- [Data for processing]:
[Start of Attachment]

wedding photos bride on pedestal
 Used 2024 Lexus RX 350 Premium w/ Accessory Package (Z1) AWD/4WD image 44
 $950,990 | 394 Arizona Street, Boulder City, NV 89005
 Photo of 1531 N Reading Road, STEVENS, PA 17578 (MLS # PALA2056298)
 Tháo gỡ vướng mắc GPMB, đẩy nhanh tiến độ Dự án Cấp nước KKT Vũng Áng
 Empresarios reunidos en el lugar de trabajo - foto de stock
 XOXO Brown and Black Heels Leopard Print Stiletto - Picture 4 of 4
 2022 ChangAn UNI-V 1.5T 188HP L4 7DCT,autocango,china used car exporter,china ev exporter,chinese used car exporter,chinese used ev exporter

[End of Attachment]

- [Assignment]: What you return must match the data above character for character.

- [Exercise result]:
wedding photos bride on pedestal
 Used 2024 Lexus RX 350 Premium w/ Accessory Package (Z1) AWD/4WD image 44
 $950,990 | 394 Arizona Street, Boulder City, NV 89005
 Photo of 1531 N Reading Road, STEVENS, PA 17578 (MLS # PALA2056298)
 Tháo gỡ vướng mắc GPMB, đẩy nhanh tiến độ Dự án Cấp nước KKT Vũng Áng
 Empresarios reunidos en el lugar de trabajo - foto de stock
 XOXO Brown and Black Heels Leopard Print Stiletto - Picture 4 of 4
 2022 ChangAn UNI-V 1.5T 188HP L4 7DCT,autocango,china used car exporter,china ev exporter,chinese used car exporter,chinese used ev exporter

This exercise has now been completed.